TASK DETAILS: Using the records below, copy exactly the part that opens with the line holding "Vista 4 de B10" and closes with the line holding "Full map of", minus the pictures.

Image-text web data:
========

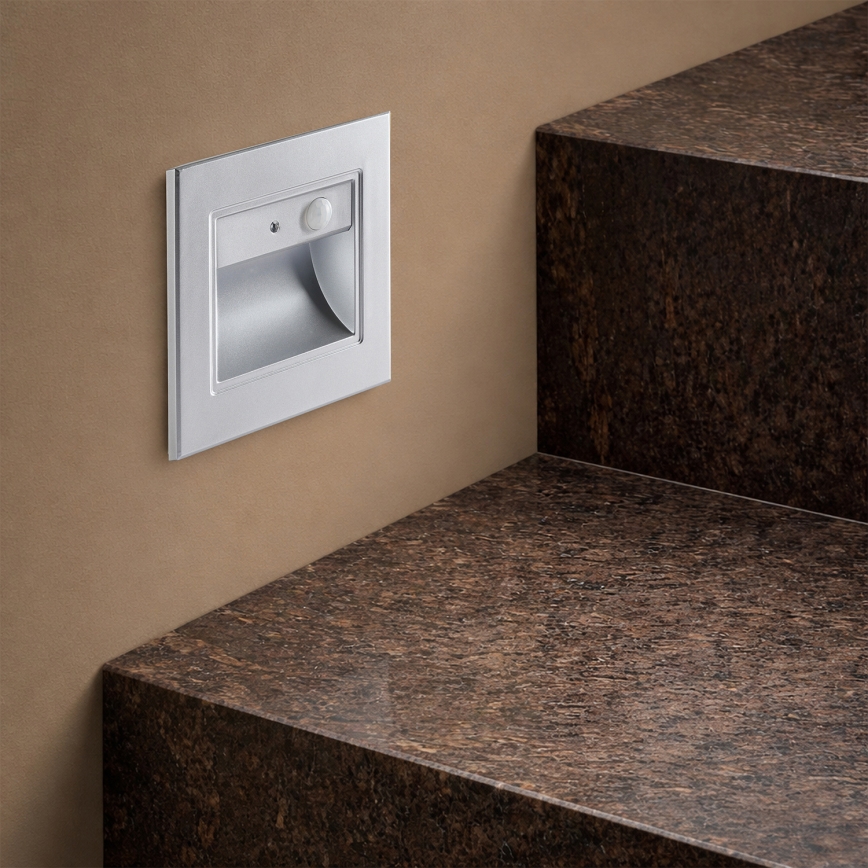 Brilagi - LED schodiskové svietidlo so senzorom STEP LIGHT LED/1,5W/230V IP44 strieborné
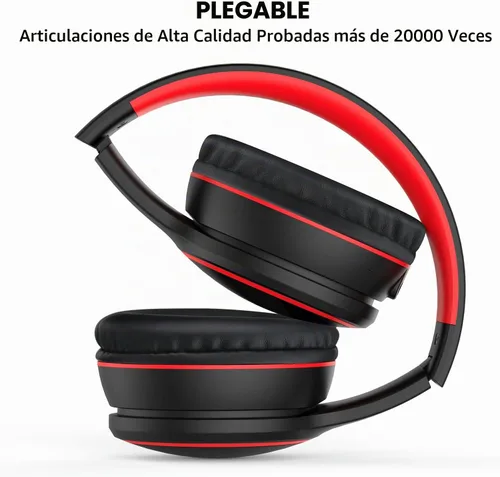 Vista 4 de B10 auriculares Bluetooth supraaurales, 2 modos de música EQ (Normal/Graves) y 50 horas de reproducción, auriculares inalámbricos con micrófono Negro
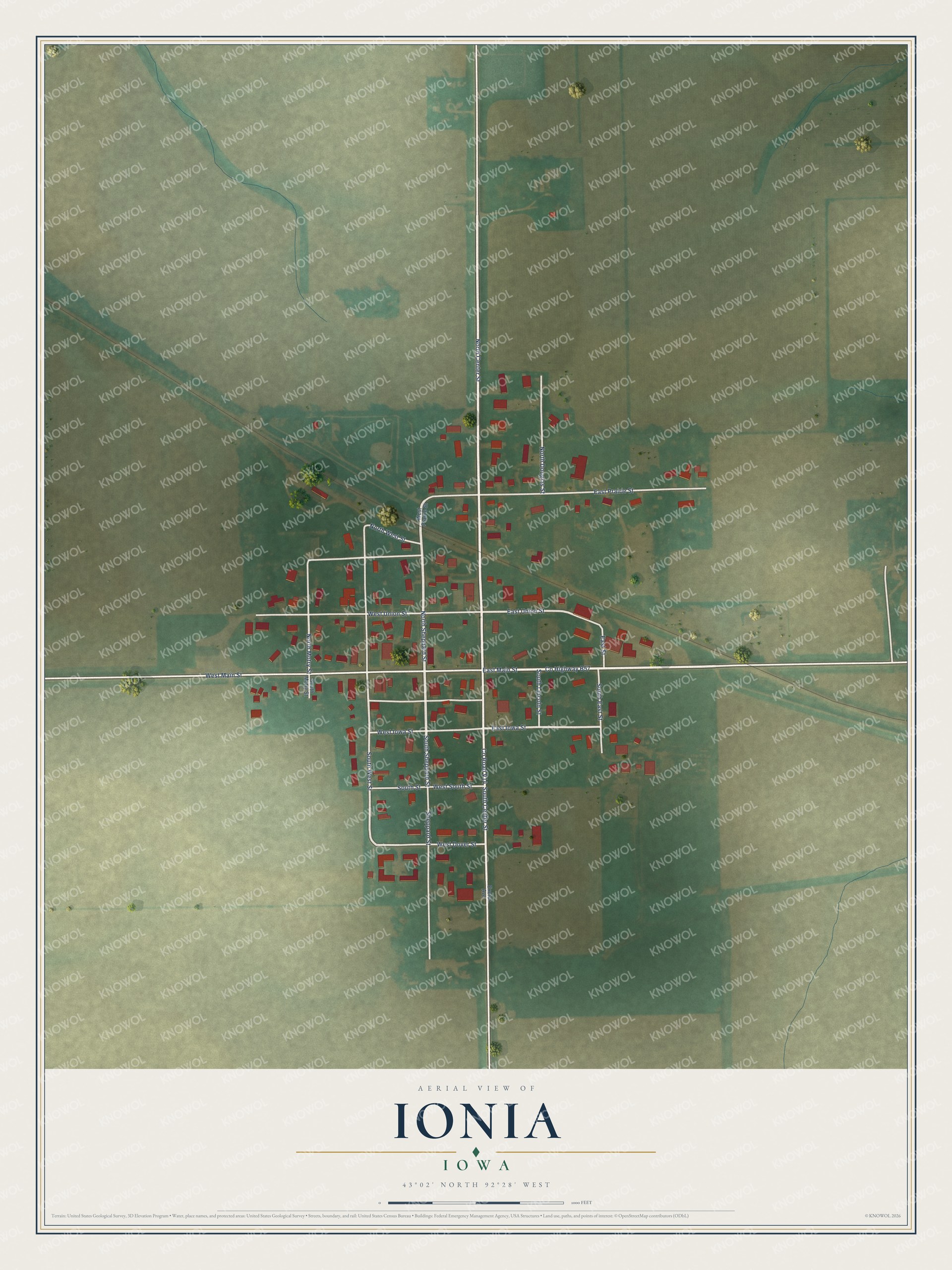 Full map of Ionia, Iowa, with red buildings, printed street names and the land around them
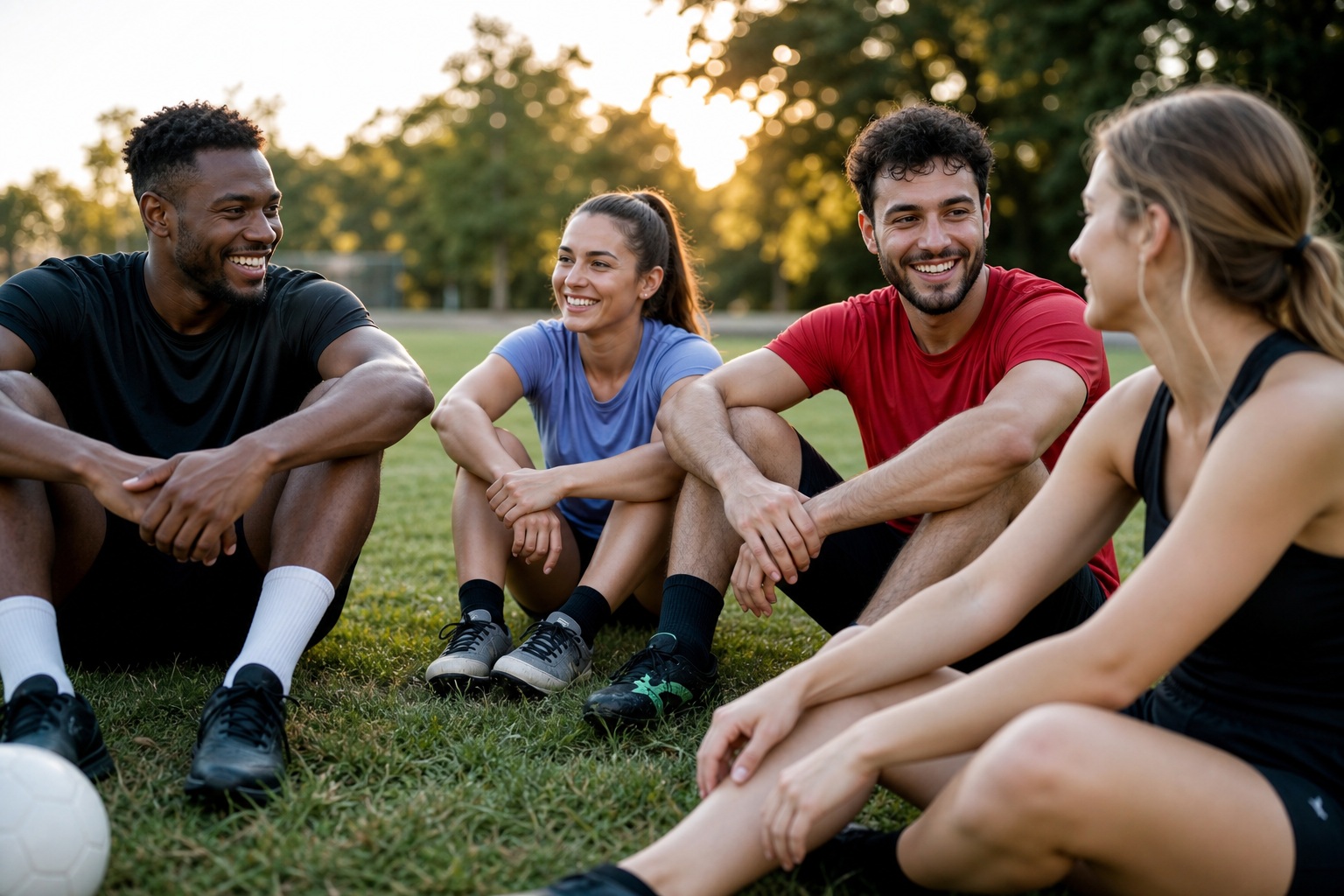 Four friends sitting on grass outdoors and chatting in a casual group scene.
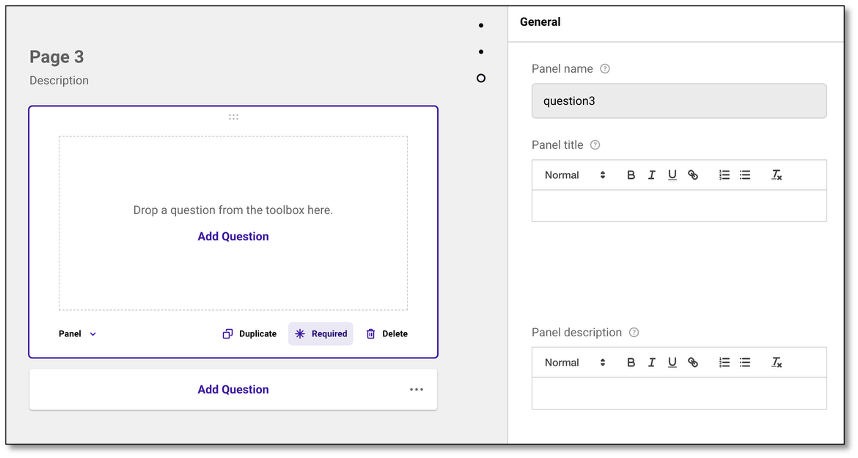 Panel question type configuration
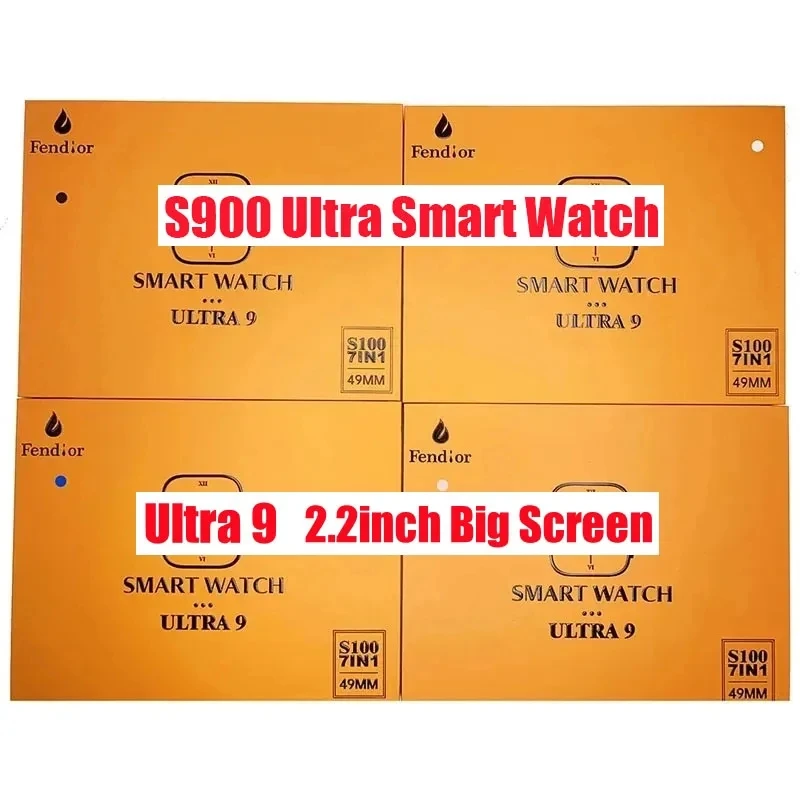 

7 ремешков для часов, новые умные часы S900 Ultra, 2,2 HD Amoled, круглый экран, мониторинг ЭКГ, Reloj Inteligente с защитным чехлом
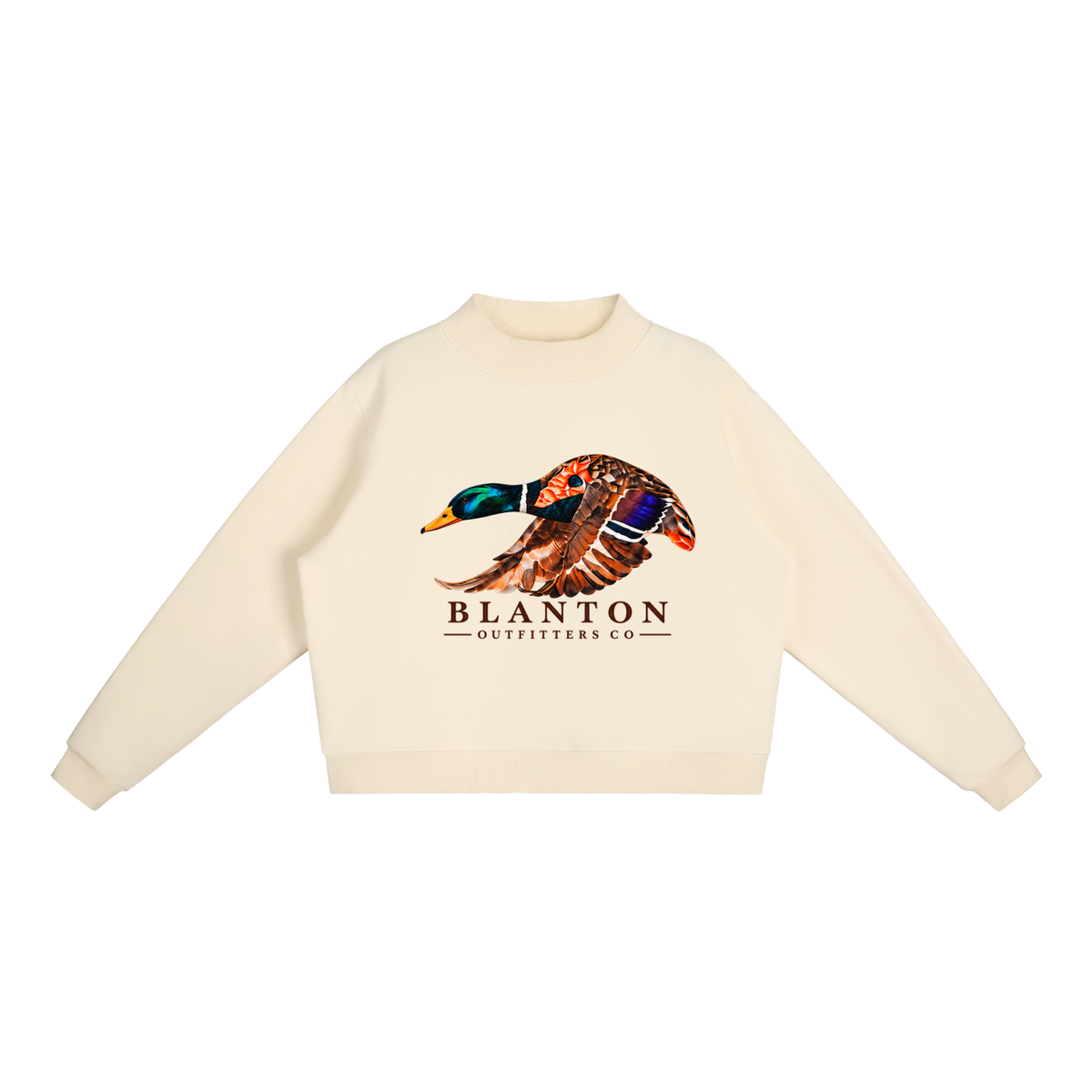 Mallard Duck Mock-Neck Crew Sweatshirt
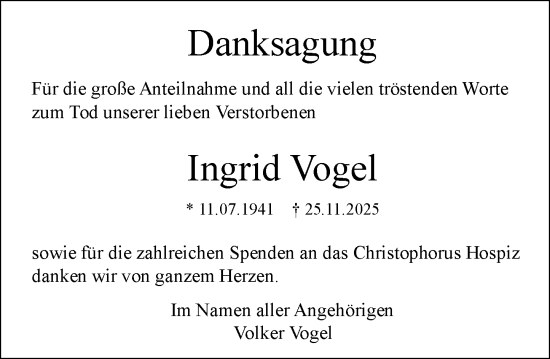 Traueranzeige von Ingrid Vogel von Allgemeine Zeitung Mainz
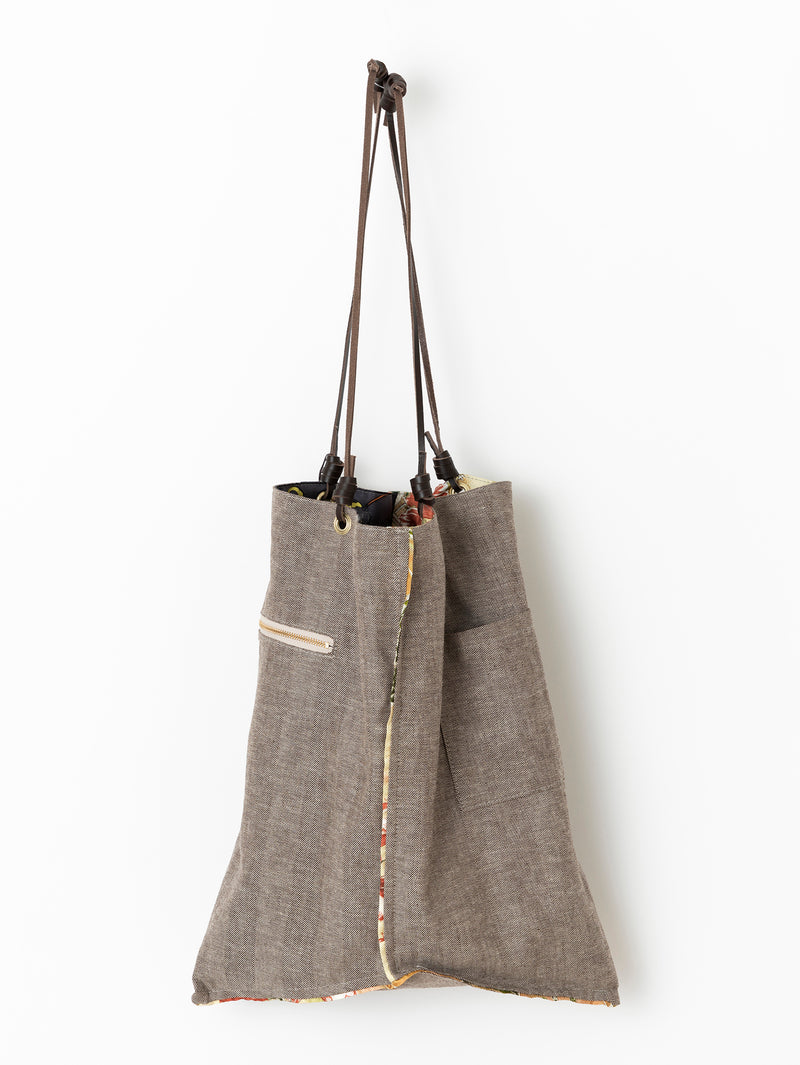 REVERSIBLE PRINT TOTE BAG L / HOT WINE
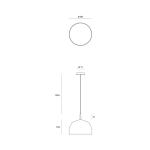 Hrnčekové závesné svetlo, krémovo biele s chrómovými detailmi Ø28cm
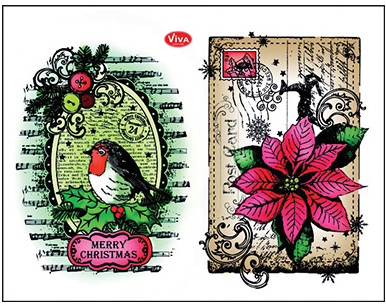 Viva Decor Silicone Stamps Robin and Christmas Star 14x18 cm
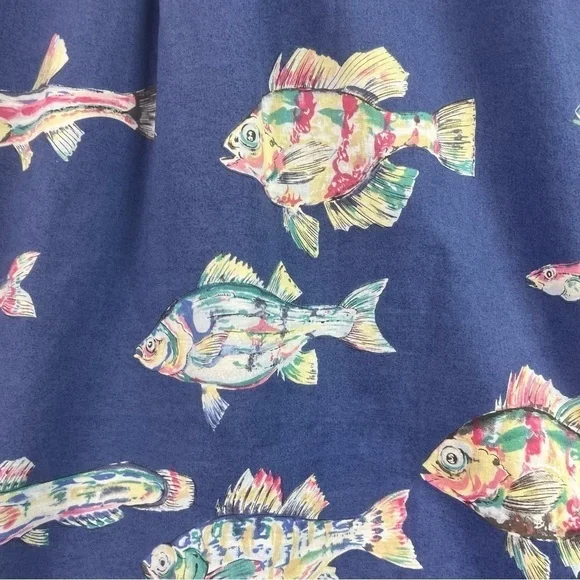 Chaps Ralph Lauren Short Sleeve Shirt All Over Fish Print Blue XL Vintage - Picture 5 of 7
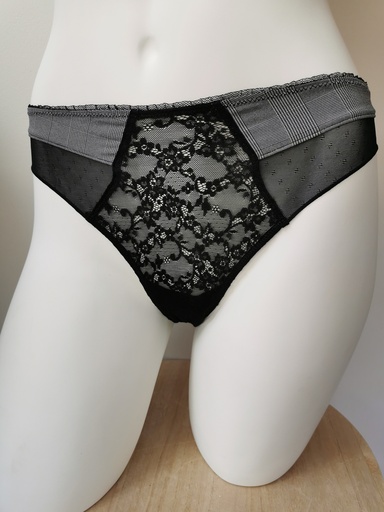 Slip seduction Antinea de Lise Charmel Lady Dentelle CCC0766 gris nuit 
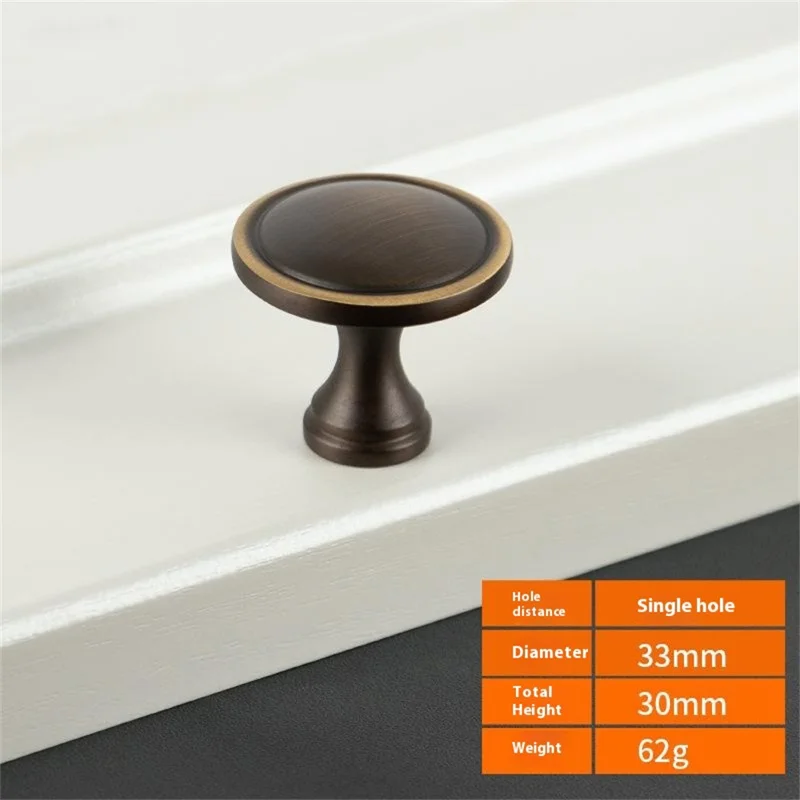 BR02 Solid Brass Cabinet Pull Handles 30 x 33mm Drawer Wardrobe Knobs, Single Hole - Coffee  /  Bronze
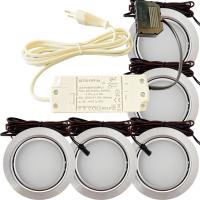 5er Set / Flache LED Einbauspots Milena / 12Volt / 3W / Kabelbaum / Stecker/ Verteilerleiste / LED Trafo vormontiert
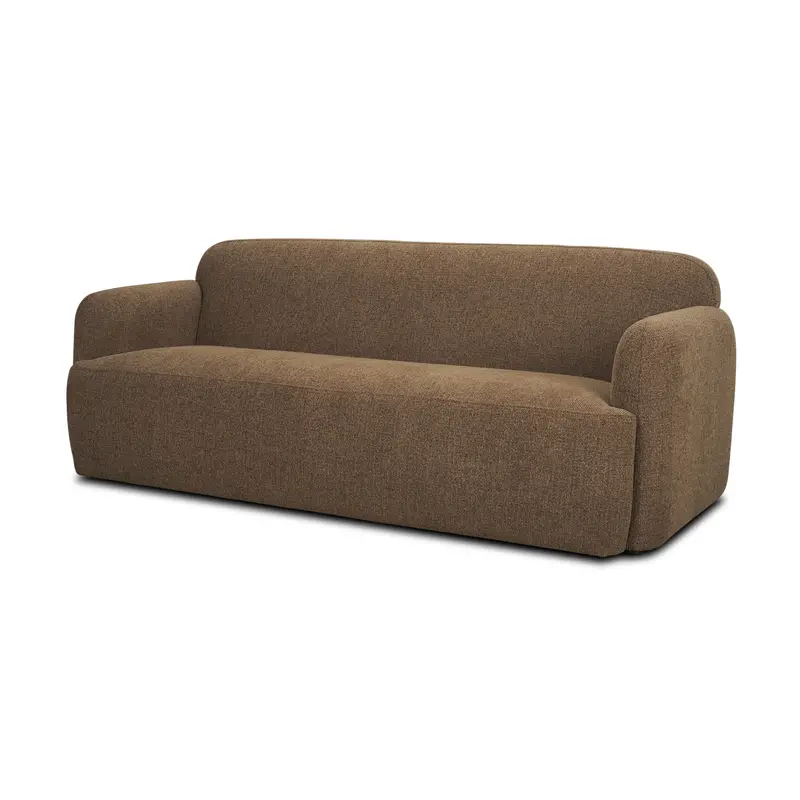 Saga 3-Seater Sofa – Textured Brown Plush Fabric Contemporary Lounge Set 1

========

TASK SOLUTION:
 Vista 4 de B10 auriculares Bluetooth supraaurales, 2 modos de música EQ (Normal/Graves) y 50 horas de reproducción, auriculares inalámbricos con micrófono Negro
 Full map of Ionia, Iowa, with red buildings, printed street names and the land around them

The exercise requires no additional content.